SUPPLIED DATA:
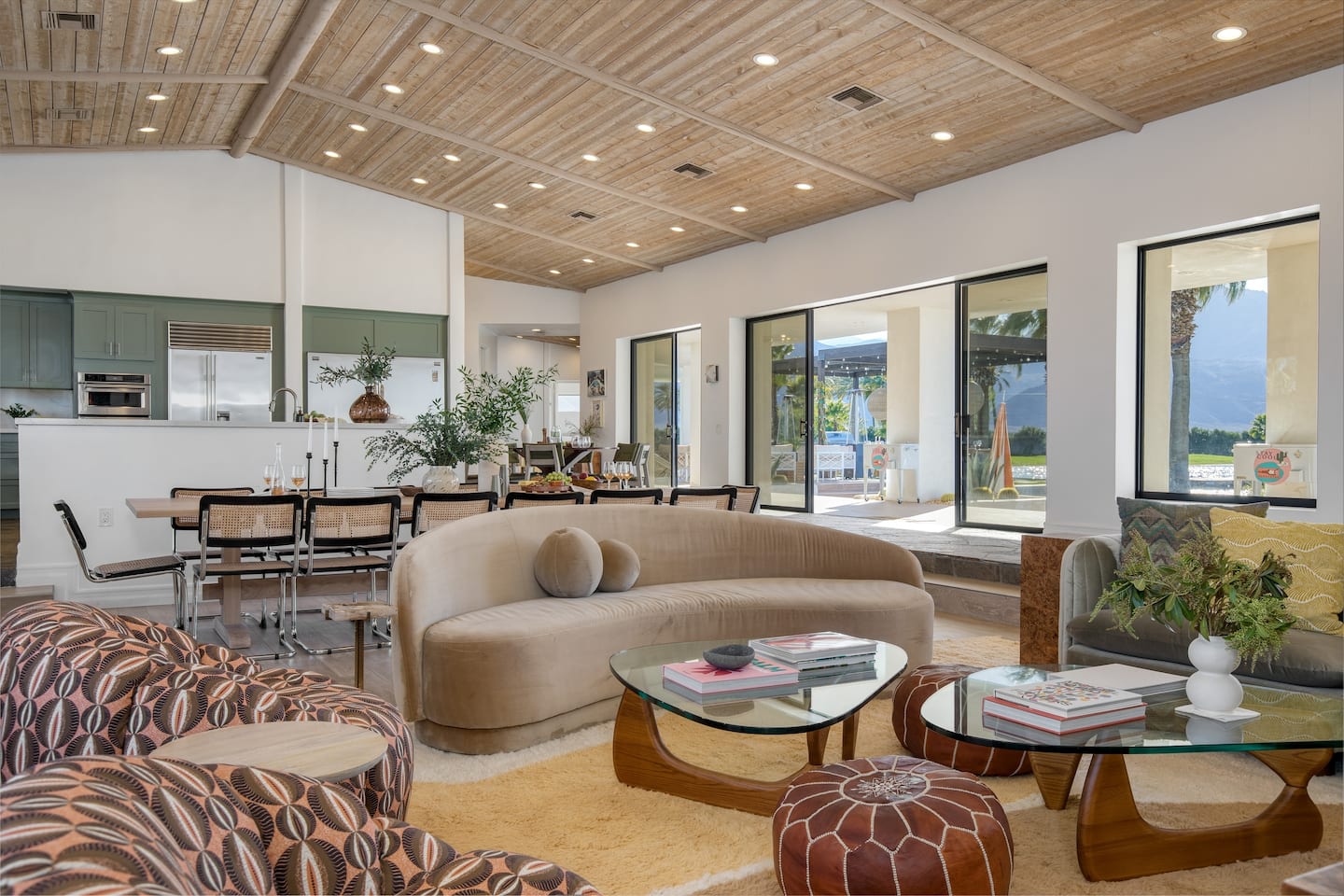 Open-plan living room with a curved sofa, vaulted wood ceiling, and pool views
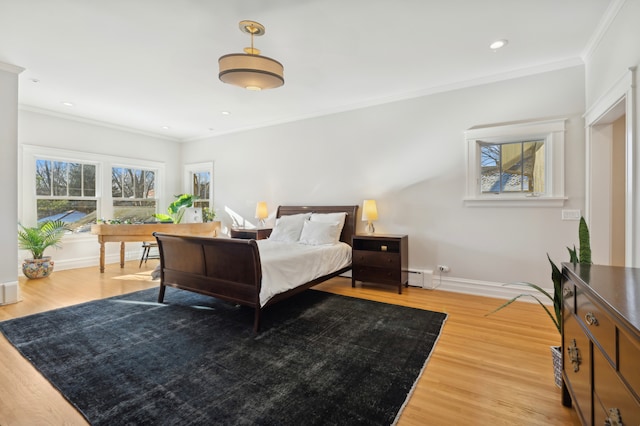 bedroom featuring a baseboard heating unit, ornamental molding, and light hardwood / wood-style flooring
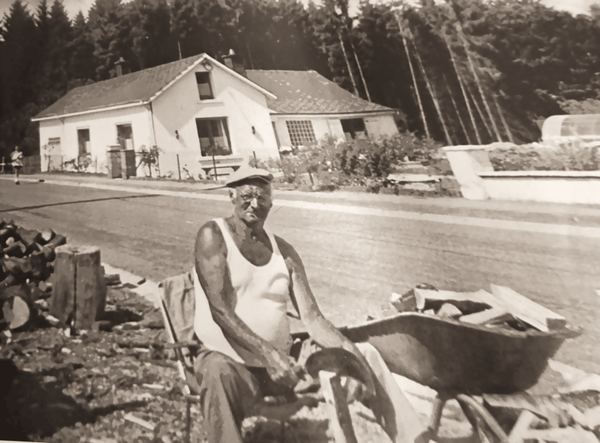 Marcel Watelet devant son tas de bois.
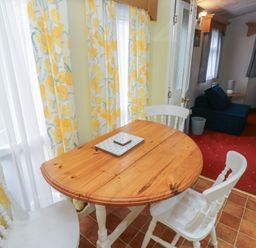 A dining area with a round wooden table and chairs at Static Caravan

==

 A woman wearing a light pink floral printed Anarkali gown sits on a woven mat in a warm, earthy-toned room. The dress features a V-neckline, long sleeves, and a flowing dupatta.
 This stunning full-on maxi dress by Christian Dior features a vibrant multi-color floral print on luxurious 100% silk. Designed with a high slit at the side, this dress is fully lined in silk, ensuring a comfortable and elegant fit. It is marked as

WHAT THE EXERCISE ASKS:
Using the listing above, reproduce word for word every line from the one containing "bedroom featuring a" through the one containing "A dining area". Pictures must be left out.

SOLUTION BELOW:
 bedroom featuring a baseboard heating unit, ornamental molding, and light hardwood / wood-style flooring
 Marcel Watelet devant son tas de bois.
 A dining area with a round wooden table and chairs at Static Caravan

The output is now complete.